After driving for three days with only quick stops to get some sleep, we finally roll into Frisco, Texas. It feels great to stretch our legs a bit and walk into the place we'll call home for the next month or so. What doesn't feel so great? The thought of having to sleep on the floor until our furniture arrives sometime in the next week.
You might be wondering why I didn't plan ahead and bring something to sleep on so I wouldn't have to make an eleventh hour run to a store in a strange city. And, you'd be right in your wondering.
Allow me to explain. I drove from LA to Dallas in a Mazda Protege with my mom, 4 chihuahuas, 3 violins, two iMacs, a million bottles of water, a fold-out foam mattress from Costco, and enough clothes, toiletries and food to last us through the drive and then several days in our new home until the movers arrive with the rest of our stuff.

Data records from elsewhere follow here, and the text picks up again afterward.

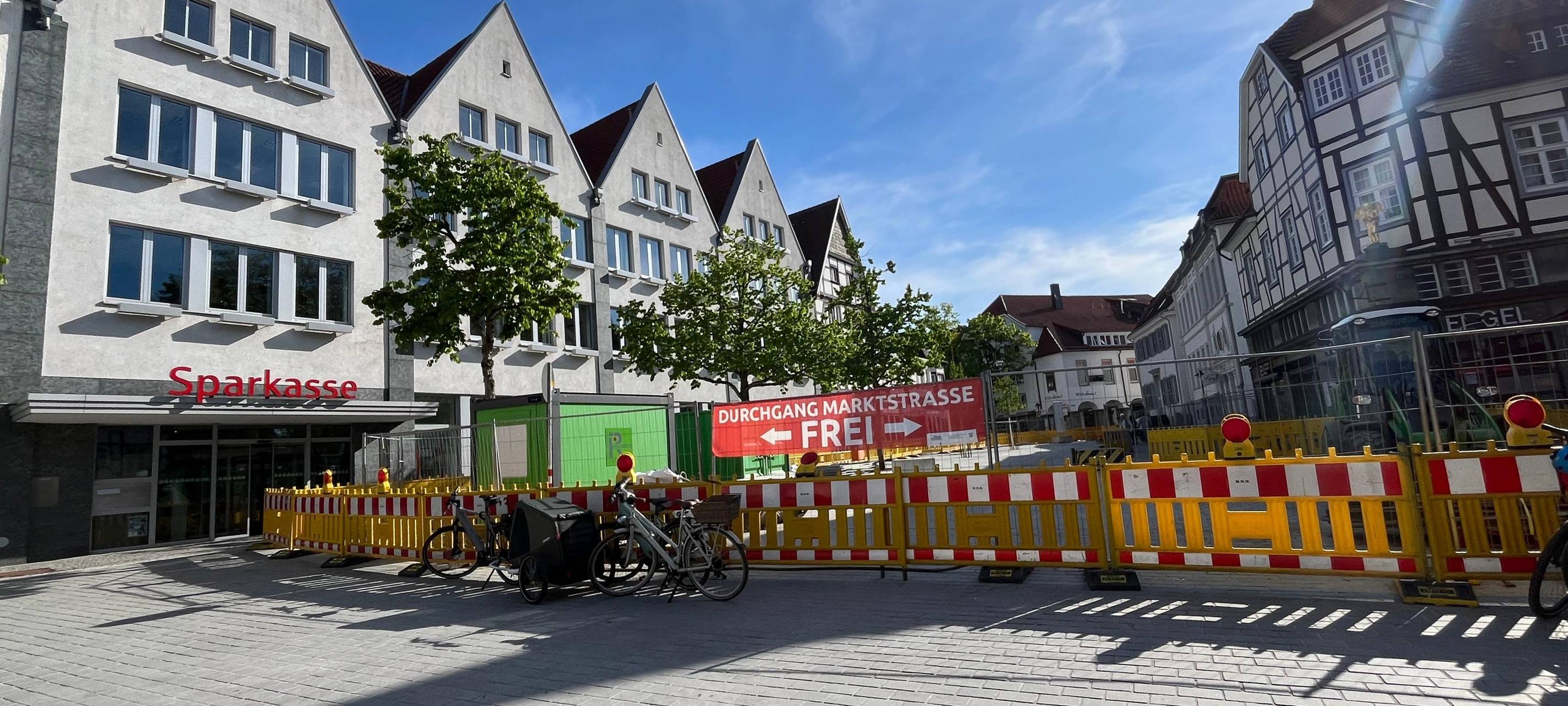 Der Soester Marktplatz ist endlich eröffnet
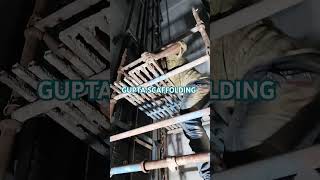 scaffolding work lift youtubeshorts shorts [upl. by Eniarol]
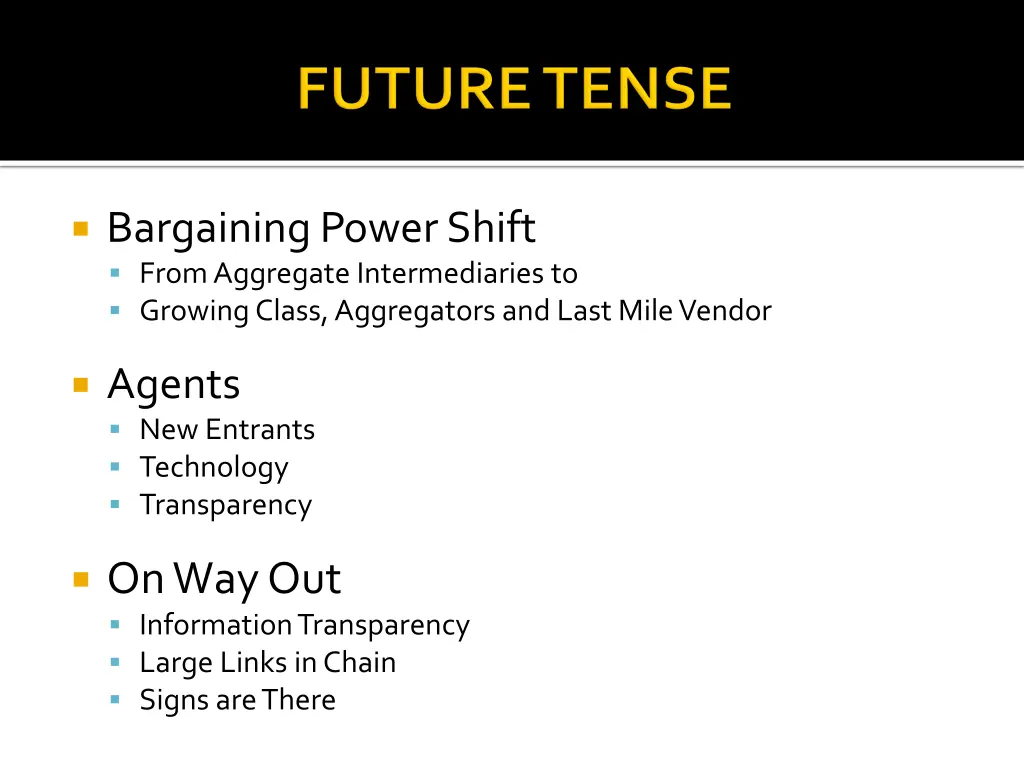 bargaining power shift from aggregate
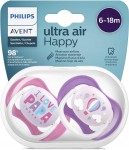 PHILIPS AVENT Ultra Air fopspenen x 2 6-18mnd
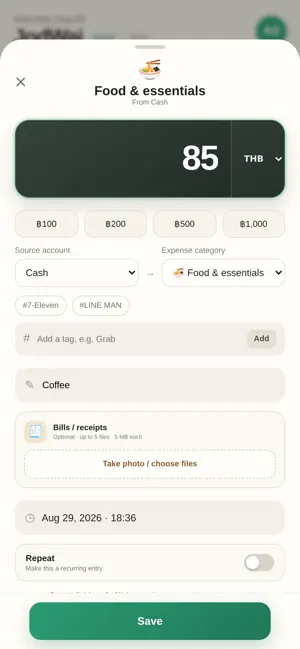 JodWai: Money Tracker screenshot 2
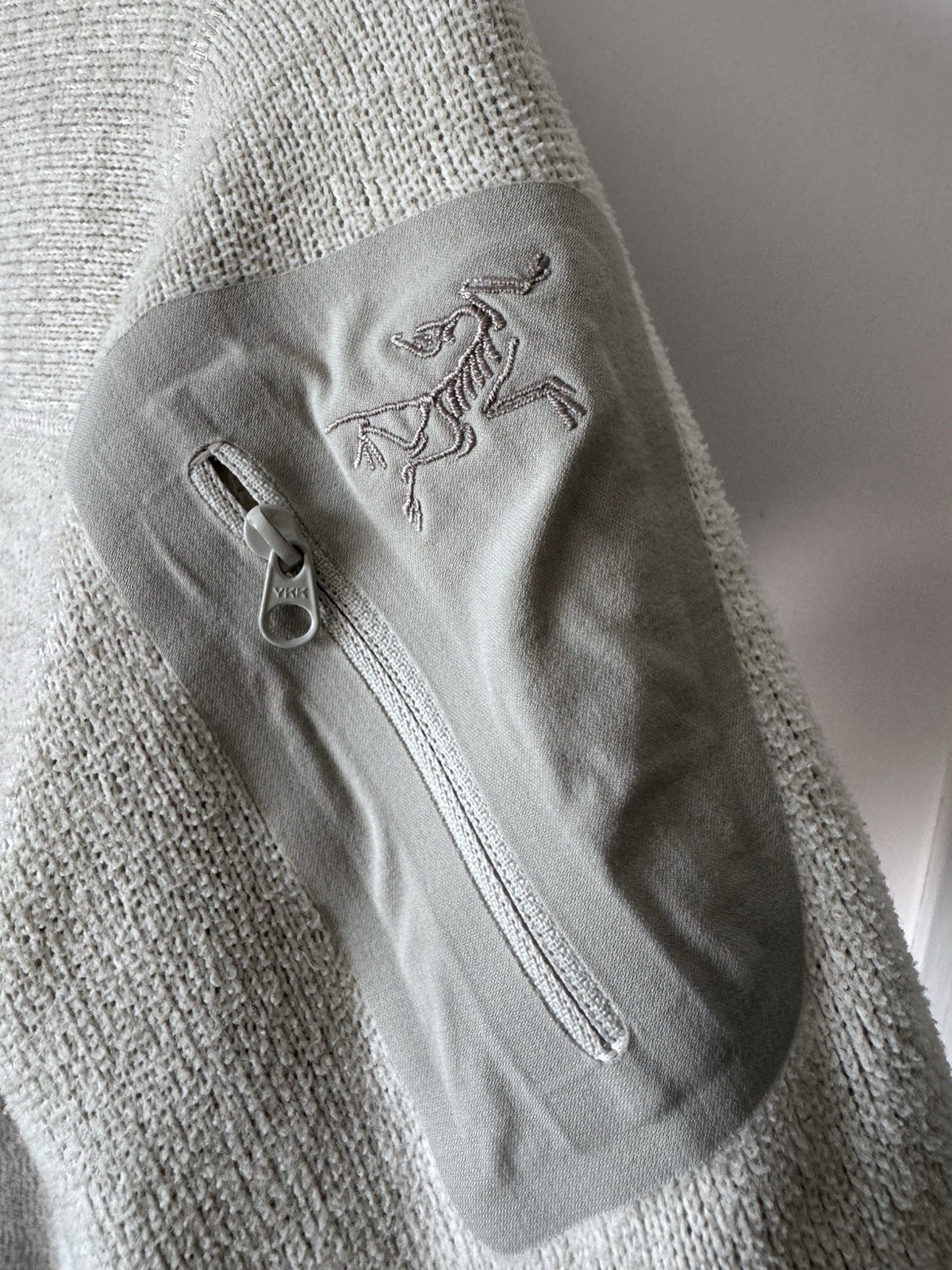 ARC'TERYX Giacca foderata in pile Arcteryx Polartec panna beige taglia XS ricamata full zip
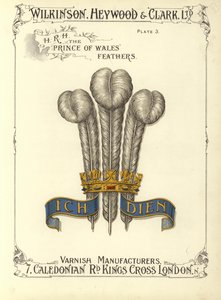 Federn von H R H dem Prinzen von Wales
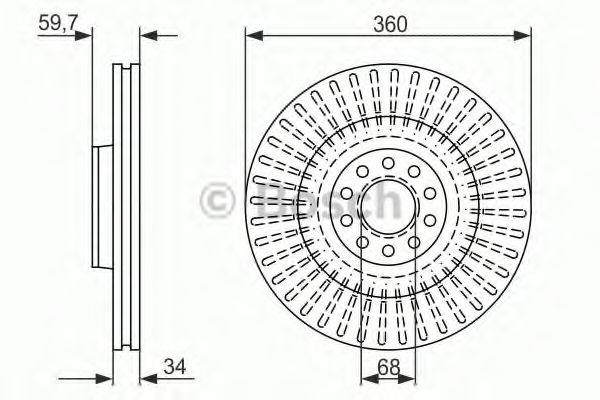 BOSCH - 0 986 479 302 - Тормозной диск (Тормозная система)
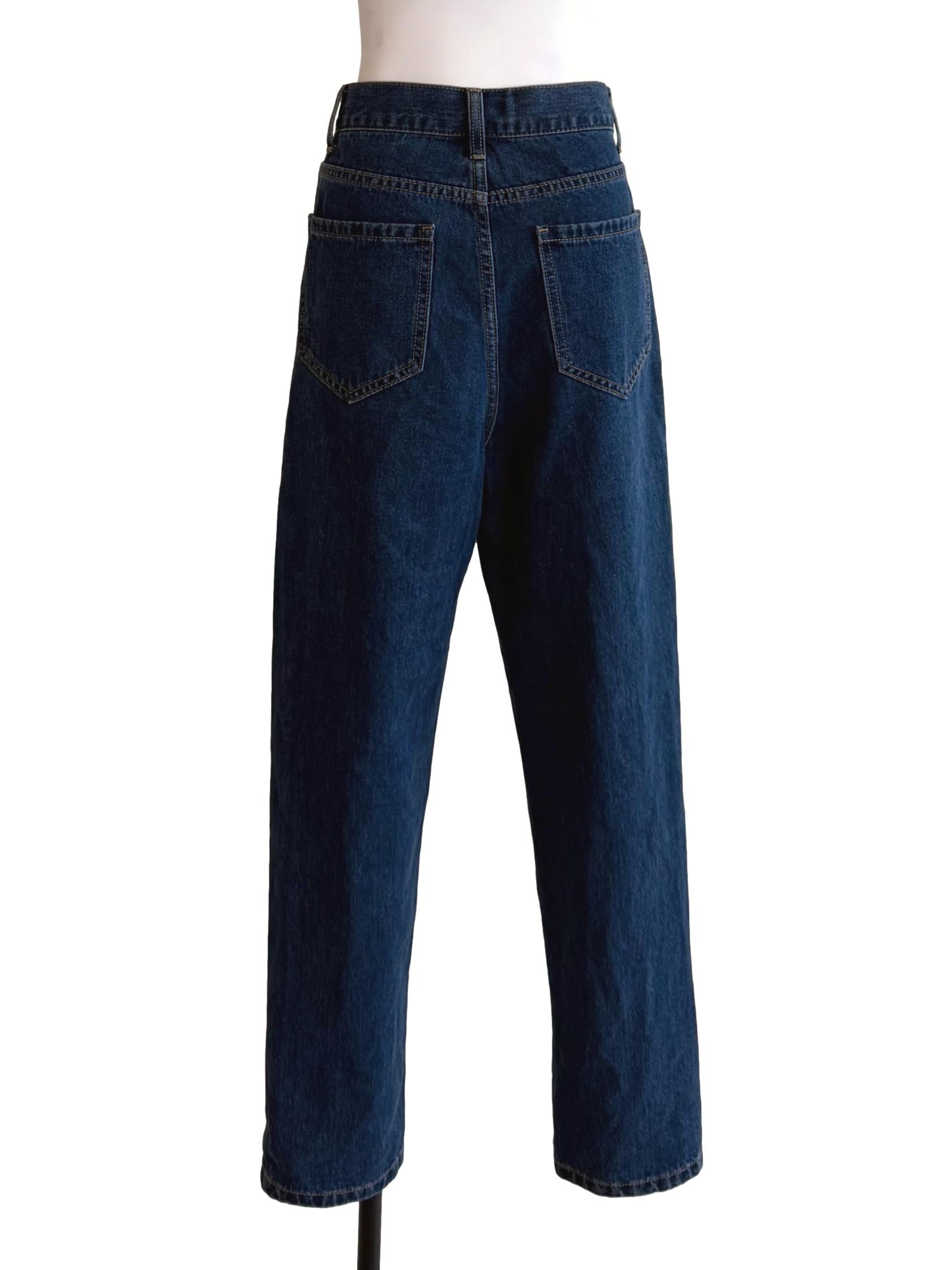 Navy Blue Baggy Pants TWL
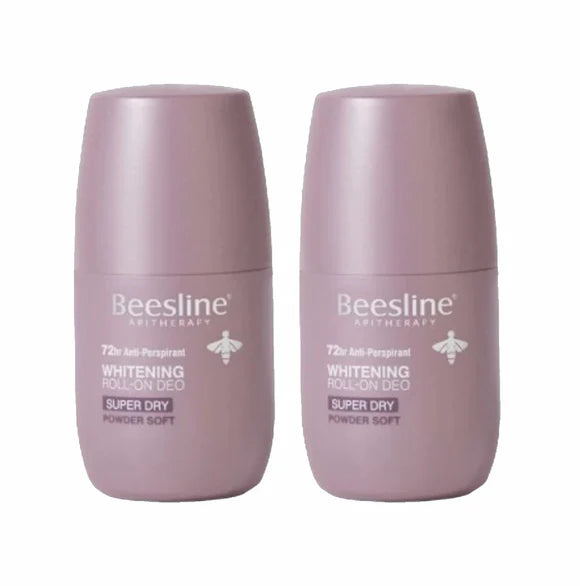 Beesline Coffret Whitening Roll On Super Dry Powder Soft (1+1 FREE)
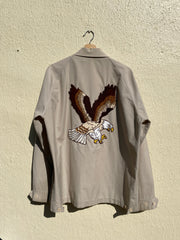 70s Embroidered Eagle Jacket (XL)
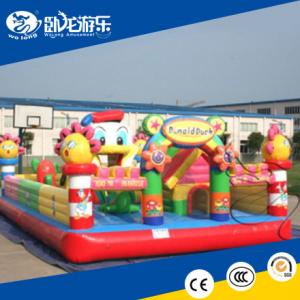 China new Vivid Commercial donald duck inflatable castle supplier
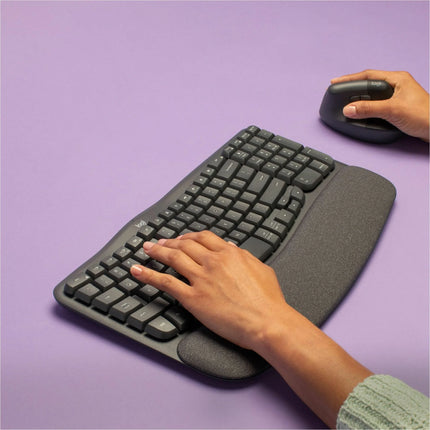 Teclado Logitech Ergo Wave Keys | Inalámbrico | Bluetooth | Inglés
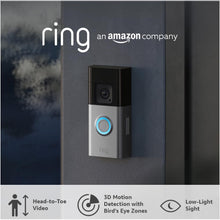 Ring Battery Video Doorbell Pro Wireless Security Camera with Advanced Features - 1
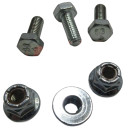 (3) Shear Pins Bolts Locking Nuts Fits Honda HS1132 HS928 HS828 HS724 HS624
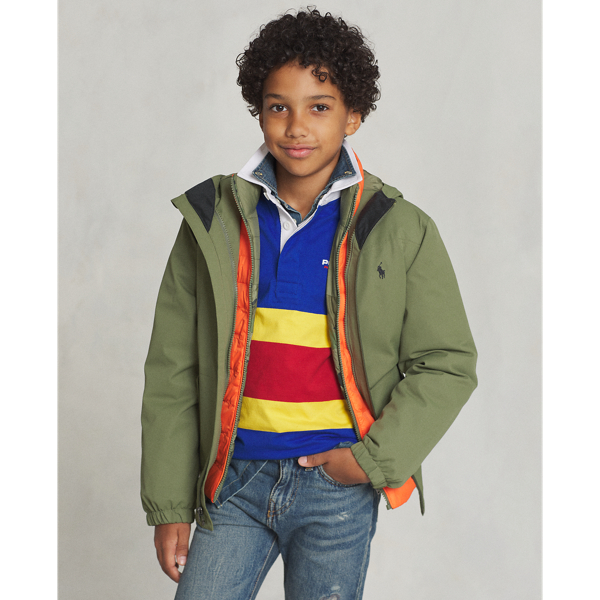 Green coat for boys on sale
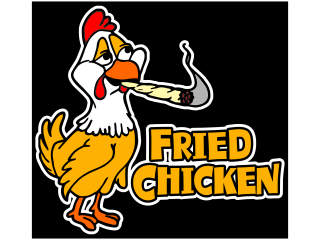 Fried Chicken Weed 2_ C L 1 Decal Proportional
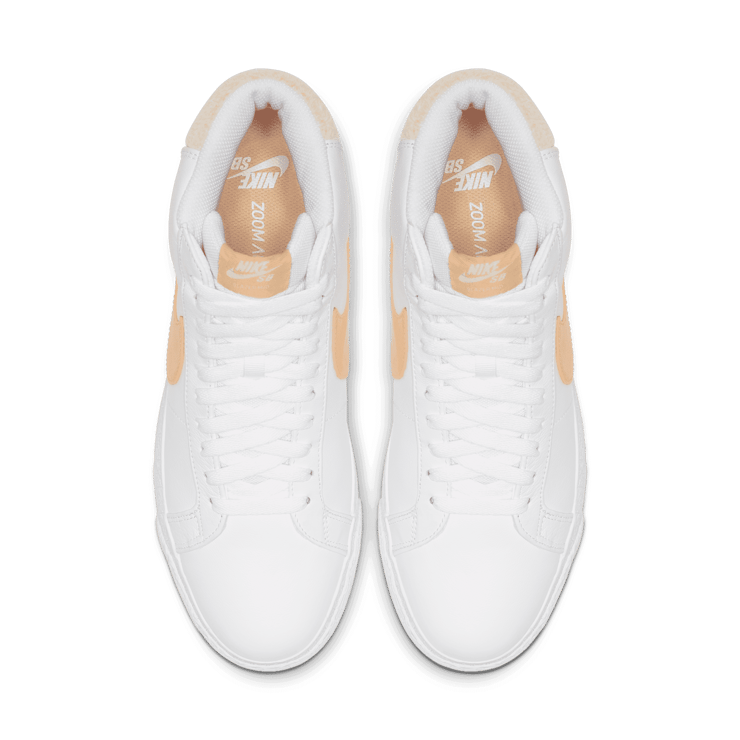 Nike SB Zoom Blazer Mid White Celestial Gold Angle 1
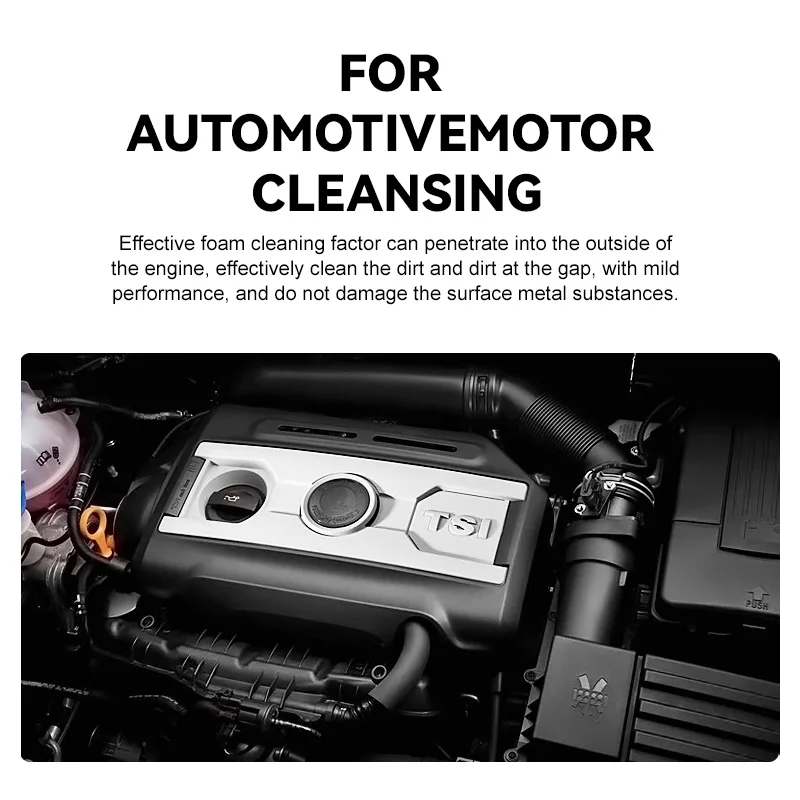 Theaoson 450ml Engine Degreaser Cleaner Spray and Degreaser for Cleaning Grease and Grime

So, I did think ahead, but there really was no more room to fit anything else in my little car.
But I digress.
I drop off my mom and the dogs at the house and make a beeline to the nearest Walmart to see what they have in the way of foam mats, something similar to what I brought with me from LA.
Sorry, Walmart haters, I always thought of Walmart as old faithful. I could find what I need, not be price gouged and get through the check out line pretty quickly. I say "I thought" because, well, you'll see.
I walk the aisles and find nothing appropriate. I mean nothing. I'm ready to drop from exhaustion and starting to make friends with the prospect of spending that night on the floor. I'm planning to try my luck at Costco the next day. But then I see the camping department. Ah, the light at the end of the tunnel! There, I find several shelves full of air beds! Never having owned an air bed, I choose the only one that has a name I recognize - Coleman. Unfortunately, more decisions need to be made - what size of bed, what thickness? Should I buy one with a pump included ? If not, which brand of pump to get? At this point, I am mucho overwhelmedo. I hadn't bargained for this.
The longer I think about it, the more convinced I become that buying an air bed is a spectacular idea. Maybe the best idea I've ever had. I mean, literally DOZENS of California friends have promised to visit (you know who you are and you better come!), An air bed will be just the thing that will take my hosting to the next level, a step beyond normal hosting, if you will. I'm gonna go all out. Well, as all out as I am willing to go on a glorified pool floaty.
With great satisfaction, I select the Coleman queen size, double thick mattress with a soft flocking and an included electric pump! It does briefly occur to me that I am about to spend $75 (plus tax!) on a length of plastic and a tiny motorized air filler-upper. But then I reason with myself, as I am often wont to do.
"Look, how often are you going to buy an air bed? You should get a nice one that your guests will enjoy for years to come!"
My gaze drifts to the middle distance and I have visions of myself waking up to the sun shining, the birds singing and the beaming smiles of my grateful friends. They say, "Dallas Doll, that air mattress gave me the best night of sleep I've ever had! It was like floating on the wings of angels!" And I nod graciously as I reply, "I chose the best with you in mind."
I arrive back at the house like a triumphant hunter back from the kill.
"Did you find a foam mat?" mom asks.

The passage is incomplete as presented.